# Where's the custom title option?



## User16625 (2 Aug 2018)

https://www.cyclechat.net/threads/how-do-i-customise-my-user-title-under-my-avatar.91049/

It doesn't appear there for me. I noticed that's an old thread. Has the option since been removed? I noticed many users have custom titles still so is there any criteria I would need to meet or something?


----------



## ColinJ (2 Aug 2018)

It is still there for me.


----------



## raleighnut (2 Aug 2018)

Me too, on the 'profile page' just under the avatar picture.


----------



## Katherine (2 Aug 2018)

RideLikeTheStig said:


> https://www.cyclechat.net/threads/how-do-i-customise-my-user-title-under-my-avatar.91049/
> 
> It doesn't appear there for me. I noticed that's an old thread. Has the option since been removed? I noticed many users have custom titles still so is there any criteria I would need to meet or something?

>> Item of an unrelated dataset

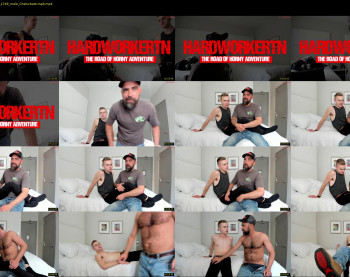 hardworkertn — 25 minute Chaturbate male cam show recording, 720p, Apr 12, 2025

Someone will find out for you. (not me - I'm on holiday, so only on my phone.)


----------



## SpokeyDokey (2 Aug 2018)

I've just accessed it via Mods Admin and have inserted 'Test' in - so it is still working.


----------



## classic33 (2 Aug 2018)

Account, Personal Details, and put it in there.


----------



## User16625 (3 Aug 2018)

raleighnut said:


> Me too, on the 'profile page' just under the avatar picture.





SpokeyDokey said:


> I've just accessed it via Mods Admin and have inserted 'Test' in - so it is still working.



This is what I get. I'm guessing the option is supposed to appear between the Avatar option and the Gender option. I also searched for the word "test". It did not find the word in the personal details page.


----------



## raleighnut (3 Aug 2018)

RideLikeTheStig said:


> This is what I get. I'm guessing the option is supposed to appear between the Avatar option and the Gender option. I also searched for the word "test". It did not find the word in the personal details page.


Yep that's where it's supposed to be.


----------



## jefmcg (3 Aug 2018)

RideLikeTheStig said:


> This is what I get. I'm guessing the option is supposed to appear between the Avatar option and the Gender option. I also searched for the word "test". It did not find the word in the personal details page.


Do you also not have the upload a file option when posting? If so, it looks like your account is restricted in some way.


----------



## User16625 (4 Aug 2018)

jefmcg said:


> Do you also not have the upload a file option when posting? If so, it looks like your account is restricted in some way.
> 
> View attachment 422310



Did not know there was such a thing. Now that you mentioned it, yes I do have it, next to the post reply one. Ironic I never noticed that sitting there like a speed limit sign.


----------



## SpokeyDokey (4 Aug 2018)

PM sent to @RideLikeTheStig .


----------